You love hunting with your boyfriend or husband, your dad, or the guy that’s been your best friend since 1st grade. But...
...if you’ve never been hunting without a guy by your side, it’s time to cut the cord at least ONCE! You know what you’re doing, and even if you don’t feel totally confident right now, planning to hunt on your own will push you to figure it out.
We can all appreciate a guy that wants to help. However, sometimes, because the guy is afraid to see you fail, he takes over when you need to be learning by doing. Get out on your own for one or two hunts this fall to reach a new level of self-reliance.

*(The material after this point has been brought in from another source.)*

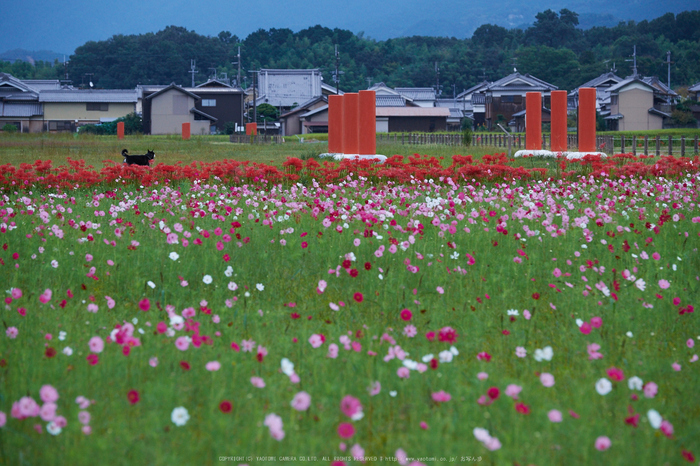 藤原宮跡,コスモス(DSCF3348,140 mm,F5.6)2015yaotomi.jpg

Learn where to scout hunting spots
You get to decide where to look for deer and where to set up your blind or stand. Also, if you decide last minute you want to go to that other spot, there’s no one to tell you no. As long as you update someone with your plan, you can go wherever you want. For your first solo hunt, you’ll want to go places you know fairly well. However, if you decide to explore a new area, you'll develop or fine tune your scouting skills to discover new spots.
Learn new skills
You always want to be improving. When you go it alone, it’s up to you and only you to get the job done. Planning a solo trip will motivate you to plan specifics, ask other hunters questions, watch skills videos, read recommendations, and practice. And don’t forget the first aid, including wilderness first aid courses.
Try new gear
In order to be fully self-reliant, you’ll have to have to borrow or buy all the gear needed to pull off a hunt alone. Maybe you have to buy a blind or a deer stand. Perhaps you’ve been meaning to get that perfect pack for hauling out a harvest. So, whether you’ll be dressing a bird or gutting a deer, you’ll be particularly proud of your solo kill.
Open your eyes and ears
You’d be surprised to learn how distracted you are by even just one other person. Heading into the woods alone means your eyes and ears will be focused on the task at hand, not where someone else is or what they are doing. Maybe you'll notice a deer trail you hadn’t seen before or you'll take time to watch a Belted Kingfisher swoop over a stream. Whatever it is, you’ll be pleasantly surprised by these new experiences.
Do things on your own schedule
When you hunt on your own, you don’t have to worry about someone else’s work schedule. Sure, you might have to coordinate with the babysitter or your significant other, but you’re calling all the shots.
Clear your mind
Sometimes, you just need to get away from people. And responsibilities. And demands. And everything. So get your ass into the woods and do your favorite things.
Tell us about your first solo hunt on Facebook!One last note: You should always take precautions to be safe when heading into the field. Tell someone your trip plan and when to start worrying if you’re not back by a certain time. Be sure to do all the things you normally to do stay safe, too like bringing your first-aid kit, map and compass, bear spray, etc.